Continuous variables are expressed as mean ± standard deviation and categorical variables are presented as frequencies and percentages. For between-group comparisons, independent t-test or Mann-Whitney U-test were used for continuous variables, and the chi-square test or Fisher’s exact test were used for categorical variables. A simple logistic regression and multivariate logistic regression model were used to identify independent predictors of cut-off values of diameter percent stenosis for determining vasospasm.

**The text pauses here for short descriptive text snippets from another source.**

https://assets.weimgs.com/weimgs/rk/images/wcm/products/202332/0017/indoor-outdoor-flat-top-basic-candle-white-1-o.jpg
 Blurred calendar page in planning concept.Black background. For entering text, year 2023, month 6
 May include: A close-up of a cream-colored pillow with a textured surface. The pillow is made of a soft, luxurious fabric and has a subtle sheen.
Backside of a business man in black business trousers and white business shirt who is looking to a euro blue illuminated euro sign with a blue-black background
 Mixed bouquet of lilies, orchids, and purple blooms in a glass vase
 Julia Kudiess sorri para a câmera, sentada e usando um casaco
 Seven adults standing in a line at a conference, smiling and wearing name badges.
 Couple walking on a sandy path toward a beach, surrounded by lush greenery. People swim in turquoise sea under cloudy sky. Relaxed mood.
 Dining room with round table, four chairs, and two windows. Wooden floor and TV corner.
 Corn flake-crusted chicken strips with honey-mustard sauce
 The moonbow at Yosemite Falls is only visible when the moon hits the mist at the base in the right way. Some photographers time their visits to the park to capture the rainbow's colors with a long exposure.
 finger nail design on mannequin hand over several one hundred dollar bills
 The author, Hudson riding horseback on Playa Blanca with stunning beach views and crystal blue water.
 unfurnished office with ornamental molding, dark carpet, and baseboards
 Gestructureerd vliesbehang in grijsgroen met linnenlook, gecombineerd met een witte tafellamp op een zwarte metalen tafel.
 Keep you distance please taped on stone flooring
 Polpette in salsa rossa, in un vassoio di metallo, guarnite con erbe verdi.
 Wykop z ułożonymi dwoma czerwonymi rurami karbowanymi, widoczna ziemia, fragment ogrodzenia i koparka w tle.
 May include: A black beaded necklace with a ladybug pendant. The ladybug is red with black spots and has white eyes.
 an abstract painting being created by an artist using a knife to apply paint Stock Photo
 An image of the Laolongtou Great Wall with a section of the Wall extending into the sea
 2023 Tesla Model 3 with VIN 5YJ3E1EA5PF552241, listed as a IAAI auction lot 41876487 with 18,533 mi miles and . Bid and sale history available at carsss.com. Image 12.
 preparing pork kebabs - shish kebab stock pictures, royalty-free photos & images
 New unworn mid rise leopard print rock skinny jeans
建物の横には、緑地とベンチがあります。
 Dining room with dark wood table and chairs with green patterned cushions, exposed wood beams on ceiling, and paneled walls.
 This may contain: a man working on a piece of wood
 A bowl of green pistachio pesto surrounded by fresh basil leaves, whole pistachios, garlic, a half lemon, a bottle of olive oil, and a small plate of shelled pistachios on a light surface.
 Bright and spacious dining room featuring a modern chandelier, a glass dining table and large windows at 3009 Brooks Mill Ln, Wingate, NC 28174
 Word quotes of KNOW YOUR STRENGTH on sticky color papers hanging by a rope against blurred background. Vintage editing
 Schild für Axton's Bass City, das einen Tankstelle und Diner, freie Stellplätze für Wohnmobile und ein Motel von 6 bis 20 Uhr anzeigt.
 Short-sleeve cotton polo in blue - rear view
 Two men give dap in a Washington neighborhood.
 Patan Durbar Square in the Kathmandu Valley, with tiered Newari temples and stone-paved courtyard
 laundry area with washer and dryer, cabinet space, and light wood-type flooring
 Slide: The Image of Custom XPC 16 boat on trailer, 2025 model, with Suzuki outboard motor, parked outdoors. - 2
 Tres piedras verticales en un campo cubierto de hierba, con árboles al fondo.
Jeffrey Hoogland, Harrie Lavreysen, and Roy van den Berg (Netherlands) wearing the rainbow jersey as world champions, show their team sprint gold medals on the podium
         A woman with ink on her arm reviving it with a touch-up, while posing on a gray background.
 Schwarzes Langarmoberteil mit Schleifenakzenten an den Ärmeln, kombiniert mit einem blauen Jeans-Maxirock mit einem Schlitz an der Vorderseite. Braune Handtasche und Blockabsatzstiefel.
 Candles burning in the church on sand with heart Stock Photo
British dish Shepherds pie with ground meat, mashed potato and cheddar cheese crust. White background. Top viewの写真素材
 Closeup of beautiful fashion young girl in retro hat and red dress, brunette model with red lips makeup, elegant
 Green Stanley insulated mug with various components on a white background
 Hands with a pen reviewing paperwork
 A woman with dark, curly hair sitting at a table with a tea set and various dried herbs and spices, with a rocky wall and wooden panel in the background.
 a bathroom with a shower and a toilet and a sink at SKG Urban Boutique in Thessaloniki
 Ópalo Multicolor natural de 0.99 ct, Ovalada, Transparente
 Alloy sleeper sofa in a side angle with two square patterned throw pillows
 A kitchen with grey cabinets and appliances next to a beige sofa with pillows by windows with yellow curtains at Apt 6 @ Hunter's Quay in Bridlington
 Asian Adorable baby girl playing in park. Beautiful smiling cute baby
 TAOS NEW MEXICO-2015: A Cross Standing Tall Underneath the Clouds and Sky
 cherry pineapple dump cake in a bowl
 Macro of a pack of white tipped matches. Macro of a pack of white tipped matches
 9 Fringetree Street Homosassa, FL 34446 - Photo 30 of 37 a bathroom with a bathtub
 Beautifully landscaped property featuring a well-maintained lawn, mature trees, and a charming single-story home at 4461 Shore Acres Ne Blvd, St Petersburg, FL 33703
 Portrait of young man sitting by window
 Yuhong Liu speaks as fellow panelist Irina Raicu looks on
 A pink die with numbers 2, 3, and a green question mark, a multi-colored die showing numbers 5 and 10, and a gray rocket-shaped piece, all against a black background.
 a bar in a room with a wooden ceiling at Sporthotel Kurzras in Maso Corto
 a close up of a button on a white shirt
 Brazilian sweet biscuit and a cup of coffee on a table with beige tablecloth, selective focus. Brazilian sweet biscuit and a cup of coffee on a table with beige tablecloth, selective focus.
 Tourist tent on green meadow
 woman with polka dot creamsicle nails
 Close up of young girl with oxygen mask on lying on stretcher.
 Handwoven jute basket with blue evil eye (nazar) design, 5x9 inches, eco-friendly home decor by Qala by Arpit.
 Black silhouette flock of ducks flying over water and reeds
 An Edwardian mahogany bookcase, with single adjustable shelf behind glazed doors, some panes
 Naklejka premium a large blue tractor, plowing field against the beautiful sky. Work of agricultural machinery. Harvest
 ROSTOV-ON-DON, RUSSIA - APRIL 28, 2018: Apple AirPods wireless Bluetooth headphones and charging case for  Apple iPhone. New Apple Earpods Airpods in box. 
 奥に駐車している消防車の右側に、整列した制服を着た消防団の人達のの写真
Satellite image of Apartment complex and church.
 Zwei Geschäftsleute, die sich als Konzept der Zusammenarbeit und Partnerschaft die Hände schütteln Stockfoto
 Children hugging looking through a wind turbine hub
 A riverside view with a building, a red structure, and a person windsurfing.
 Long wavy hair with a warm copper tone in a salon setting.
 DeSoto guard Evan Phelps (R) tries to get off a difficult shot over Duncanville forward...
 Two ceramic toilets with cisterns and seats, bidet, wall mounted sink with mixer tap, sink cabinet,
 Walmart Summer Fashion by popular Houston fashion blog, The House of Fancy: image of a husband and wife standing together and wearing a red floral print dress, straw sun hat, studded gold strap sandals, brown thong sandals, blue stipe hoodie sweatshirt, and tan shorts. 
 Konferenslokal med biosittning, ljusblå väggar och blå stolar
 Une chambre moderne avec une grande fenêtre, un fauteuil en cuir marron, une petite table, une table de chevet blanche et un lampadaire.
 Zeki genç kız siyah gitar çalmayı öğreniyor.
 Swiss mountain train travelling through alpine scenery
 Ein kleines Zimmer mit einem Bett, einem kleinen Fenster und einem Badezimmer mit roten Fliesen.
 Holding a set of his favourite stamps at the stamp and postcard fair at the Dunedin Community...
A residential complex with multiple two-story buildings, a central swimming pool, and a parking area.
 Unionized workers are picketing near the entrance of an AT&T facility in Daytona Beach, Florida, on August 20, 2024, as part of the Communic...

We performed backward stepwise logistic regression analysis using variables in Table 1 in testing the each variable of LAD ≥ 35%, LCx ≥ 35%, and RCA ≥ 40% as independent risk factors for inducing spasm respectively. We also conducted logistic regression analysis with same manner in testing composite of LAD ≥ 35% or LCx ≥ 35% or RCA ≥ 40% as independent risk of provoking spasm. Gender, age, diabetes and LAD ≥ 35% were significant in testing LAD ≥ 35%. Gender, dyslipidemia and LCx ≥ 35% were also significant in LCx ≥ 35%. Gender, age, diabetes and smoking were found to be significant in testing RCA ≥ 40%. The above variables and the variables that investigator considered being important such as age, hypertension, diabetes, smoking, history of using calcium channel blockers were included in the multiple logistic regression analysis as fixed variables. Statistical analysis was carried out by using SPSS ver. 23 (IBM Corporation).

Conclusions

VA patient has more probability of having atherosclerotic plaque, higher lumen stenosis and larger plaque burden even in non-spasm related coronary artery than in non-VA patients. Atherosclerotic lumen narrowing of ≥35–40% in coronary artery could be a cut-off value for development coronary vasospasm.